Reviewed by: Dallas Marshall
Released by: Yen Press
Publishing Country: USA
Author: Satoko Kiyuduki
Age Rating: 13+
Page Count: 128
Kuro, a little tomboy garbed in pitch-black with a little-tomboy-sized coffin on her back, heads out on a journey to find a certain witch. In the company of her faithful bat friend, Sen, Kuro encounters all manner of people and places along the way. Told in 4-koma (four panel) style and peppered with full-color pages, Satoko Kiyuduki’s debut captures all the whimsy of the most memorable fairy tales
Kuro is a black clothed female who is constantly being mistaken for being a boy as well as a vampire. It must be the fact that she always carries a coffin on her back (for some yet unexplained reason) while at the same time being followed about by her smarmy bat friend named Sen.
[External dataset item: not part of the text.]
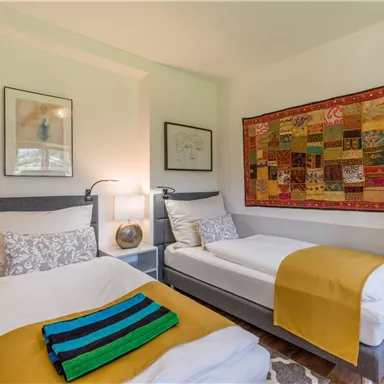 A cozy bedroom with two single beds and colorful blankets. On the wall hangs a colorful wall tapestry that gives the room a warm atmosphere.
Shoulder-A-Coffin Kuro is a fanciful tale, however aside from its artistic presentation it is forgettable and acts more as a way to kill an afternoon than something that can be read over and over again. Satoko Kiyuduki has dipped her hand in artwork for video games such as Yggdrasil Union as well as Knights in the Nightmare but her resume is rather small comparatively to other artists. She decided to dip her toes into the world of manga.
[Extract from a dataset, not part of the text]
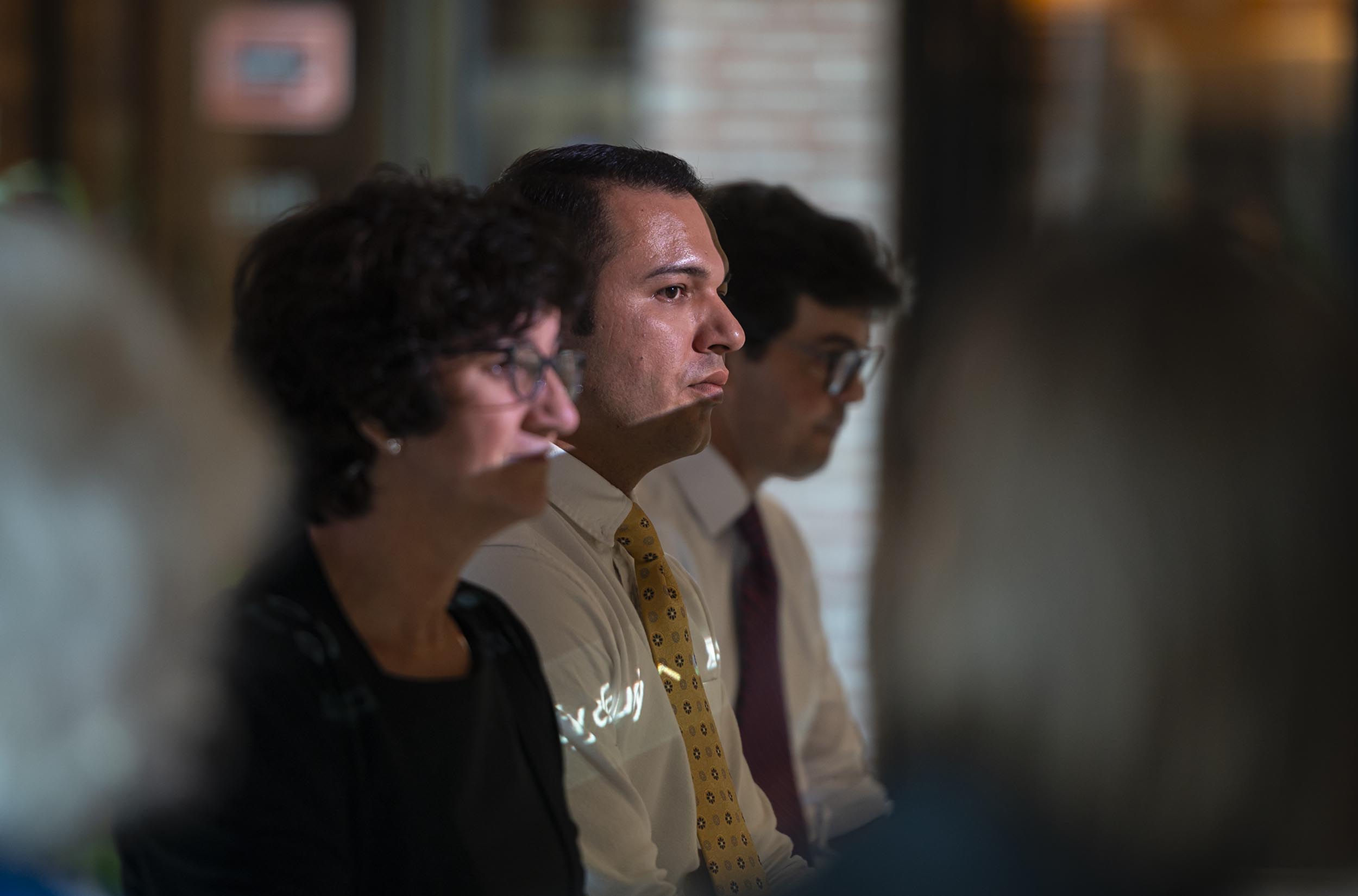 A group of people sitting attentively indoors; two men are wearing glasses, and a man in the center is wearing a white shirt with a yellow tie. The focus is on the man in the center.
The world of Shoulder-A-Coffin Kuro reminiscences of old European folklore which gives the manga it's charm as a whole, utilizing fairytale conventions such as witches and anthropomorphic creatures, all while keeping hold of the slice of life genre truly capturing the feel of a quasi European backdrop complete with cobblestone roads, cottages in the woods and tea-time imparting a quaint style. The character design is modern with sharp edges, cutesy girl characters and an almost Tim Burton style with its semi Gothic overtones as well as humorous, albeit macabre plot lines.
The downside to this seemingly silver lining is that Shoulder-A-Coffin Kuro is that it lacks any kind of pop to make it stand out or be memorable. Granted, I guess I am expecting too much considering that it is in four panel style of comic storytelling. This is usually used for simple tales, so it does not have to be memorable. However I can also think of a few other titles that are done in the same fashion such as Azumanga Daioh which are oozing with memorable moments. The problem with Shoulder-A-Coffin Kuro is that it depends more on style than it does on any solid form of substance.
All in all, Shoulder-A-Coffin Kuro does its job acceptably and needs not go any further. It has its charms and somewhat edgy style all of its own. Is it worth your time to sit down and read for an afternoon? Yes. Is it worth buying? That all depends on your preferences, and if you are willing to drop $10.99 to obtain it. Personally I'd say it's one to borrow from a friend or library.